第1章 兩段人生

滅國。

多麼驚心動魄的字眼,以往安逸美麗的家園,毀於一旦。

到處是峰煙戰火,斷垣殘壁,黑色的濃煙,火舌不斷往天上冒,好似飛舞的火龍。

哭喊聲,慘叫聲不斷傳來,還伴隨著女人的哀求聲。

可是這些阻止不了亡國奴的命運,成了任人宰割的牛羊。

國破了,人人都是階下囚。

“帶上來。
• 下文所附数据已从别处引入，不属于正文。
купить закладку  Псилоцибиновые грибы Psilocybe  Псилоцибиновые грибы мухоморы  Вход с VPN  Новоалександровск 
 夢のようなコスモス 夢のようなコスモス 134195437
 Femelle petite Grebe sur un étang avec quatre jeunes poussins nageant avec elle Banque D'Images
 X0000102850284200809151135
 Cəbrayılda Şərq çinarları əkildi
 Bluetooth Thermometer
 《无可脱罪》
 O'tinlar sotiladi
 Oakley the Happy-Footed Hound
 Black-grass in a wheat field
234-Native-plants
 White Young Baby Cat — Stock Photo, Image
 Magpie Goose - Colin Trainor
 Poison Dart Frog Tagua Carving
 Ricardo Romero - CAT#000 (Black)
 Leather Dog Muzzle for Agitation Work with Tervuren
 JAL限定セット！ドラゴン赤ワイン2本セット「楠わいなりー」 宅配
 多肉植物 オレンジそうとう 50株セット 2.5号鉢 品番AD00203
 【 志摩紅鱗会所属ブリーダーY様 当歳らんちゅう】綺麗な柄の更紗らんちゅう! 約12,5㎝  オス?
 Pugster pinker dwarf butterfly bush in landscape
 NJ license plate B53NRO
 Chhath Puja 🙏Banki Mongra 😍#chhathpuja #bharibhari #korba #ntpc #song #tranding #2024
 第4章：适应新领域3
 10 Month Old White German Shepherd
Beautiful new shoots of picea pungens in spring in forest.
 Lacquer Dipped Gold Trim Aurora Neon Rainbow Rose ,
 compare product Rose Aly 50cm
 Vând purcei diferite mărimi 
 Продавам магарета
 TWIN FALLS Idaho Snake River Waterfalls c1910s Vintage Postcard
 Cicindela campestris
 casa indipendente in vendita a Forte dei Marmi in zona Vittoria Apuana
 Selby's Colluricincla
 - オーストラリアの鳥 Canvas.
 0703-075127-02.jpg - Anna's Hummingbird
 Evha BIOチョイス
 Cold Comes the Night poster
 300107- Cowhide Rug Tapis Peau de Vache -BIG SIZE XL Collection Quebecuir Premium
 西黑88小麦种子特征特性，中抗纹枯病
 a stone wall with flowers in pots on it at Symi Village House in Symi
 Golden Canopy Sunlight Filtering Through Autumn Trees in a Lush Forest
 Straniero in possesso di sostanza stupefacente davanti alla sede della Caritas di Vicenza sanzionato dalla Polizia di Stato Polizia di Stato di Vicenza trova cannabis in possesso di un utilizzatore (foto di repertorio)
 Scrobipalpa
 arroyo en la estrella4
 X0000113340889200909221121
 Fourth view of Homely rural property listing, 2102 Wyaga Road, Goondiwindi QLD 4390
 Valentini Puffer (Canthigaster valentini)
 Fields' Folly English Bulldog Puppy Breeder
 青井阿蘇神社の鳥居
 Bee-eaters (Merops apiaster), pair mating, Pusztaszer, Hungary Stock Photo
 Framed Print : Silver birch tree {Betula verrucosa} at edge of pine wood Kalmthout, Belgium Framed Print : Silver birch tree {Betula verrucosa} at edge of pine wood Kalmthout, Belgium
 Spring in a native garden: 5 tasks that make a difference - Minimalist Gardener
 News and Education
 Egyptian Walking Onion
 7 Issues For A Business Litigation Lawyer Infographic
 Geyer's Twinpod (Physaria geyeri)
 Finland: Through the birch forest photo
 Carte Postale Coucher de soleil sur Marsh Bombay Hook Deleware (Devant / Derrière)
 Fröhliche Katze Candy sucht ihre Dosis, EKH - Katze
”

一道陰沉冷魅的聲音響起來。

雲鳳國的小公主鳳闌夜被帶了上來,她隻有十二歲,充其量隻是一個無憂無慮的大孩子,經過戰火的洗禮,此刻的她臉色蒼白,頭髮淩亂,以往美麗的大眼睛,散發著恐懼還有木然,愣愣的望著上首的男子。

一身絳珠紅的錦袍,腰束蟒帶,懸七彩的宮絛,玉冠束髮,絕美的五官上,目光氤氳,劍眉輕挑,薄唇邪勾,好似毒蛇般細膩柔媚,有著骨子裡的陰狠。

他便是她的仇人,殺她親人,亡她國家的人。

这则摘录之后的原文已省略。